## What needs to be done
When you reach the line containing "Face Swap homepage screenshot" in the data below, begin returning lines exactly as written, and stop once the line containing "espresso crib and" has been returned.

(Data provided begins)

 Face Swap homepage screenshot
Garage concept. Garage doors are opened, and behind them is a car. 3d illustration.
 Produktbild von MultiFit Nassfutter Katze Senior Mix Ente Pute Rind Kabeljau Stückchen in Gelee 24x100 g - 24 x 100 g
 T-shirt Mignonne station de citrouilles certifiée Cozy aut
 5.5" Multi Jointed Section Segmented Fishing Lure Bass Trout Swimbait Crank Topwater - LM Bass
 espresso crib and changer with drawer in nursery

(Data provided ends)
(Data provided begins)

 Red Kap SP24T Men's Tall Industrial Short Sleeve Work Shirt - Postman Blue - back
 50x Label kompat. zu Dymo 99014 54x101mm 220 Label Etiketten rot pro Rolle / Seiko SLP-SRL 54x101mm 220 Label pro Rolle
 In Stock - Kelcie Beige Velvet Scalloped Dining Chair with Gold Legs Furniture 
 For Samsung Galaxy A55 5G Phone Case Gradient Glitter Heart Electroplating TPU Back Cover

(Data provided ends)
(Data provided begins)

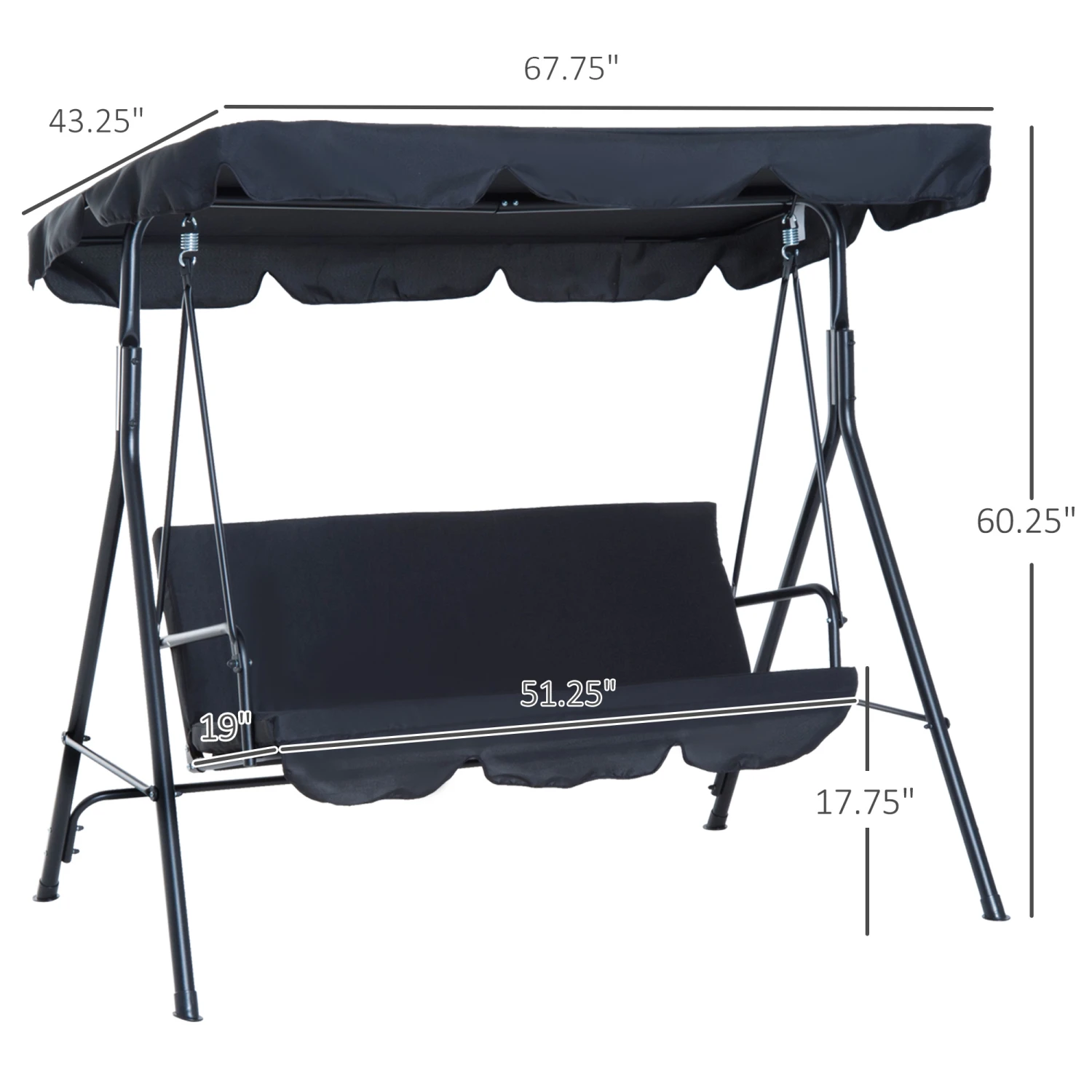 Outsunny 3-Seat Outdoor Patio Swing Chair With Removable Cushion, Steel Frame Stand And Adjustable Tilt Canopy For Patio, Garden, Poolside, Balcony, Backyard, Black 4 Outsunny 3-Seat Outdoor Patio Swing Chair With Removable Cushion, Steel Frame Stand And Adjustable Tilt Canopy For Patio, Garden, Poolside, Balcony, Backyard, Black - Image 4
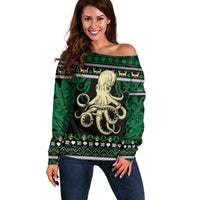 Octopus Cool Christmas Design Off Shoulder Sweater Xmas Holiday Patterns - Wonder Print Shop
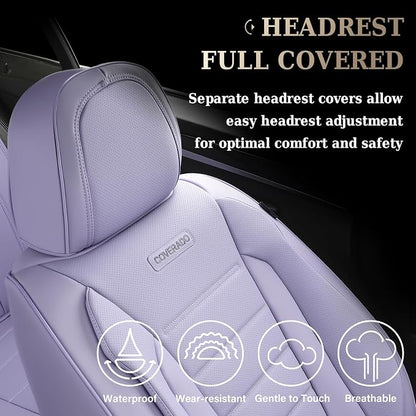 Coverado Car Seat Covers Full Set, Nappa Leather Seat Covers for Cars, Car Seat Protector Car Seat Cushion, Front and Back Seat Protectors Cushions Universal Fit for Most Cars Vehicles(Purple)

(Data provided ends)

## Task answer
 Face Swap homepage screenshot
Garage concept. Garage doors are opened, and behind them is a car. 3d illustration.
 Produktbild von MultiFit Nassfutter Katze Senior Mix Ente Pute Rind Kabeljau Stückchen in Gelee 24x100 g - 24 x 100 g
 T-shirt Mignonne station de citrouilles certifiée Cozy aut
 5.5" Multi Jointed Section Segmented Fishing Lure Bass Trout Swimbait Crank Topwater - LM Bass
 espresso crib and changer with drawer in nursery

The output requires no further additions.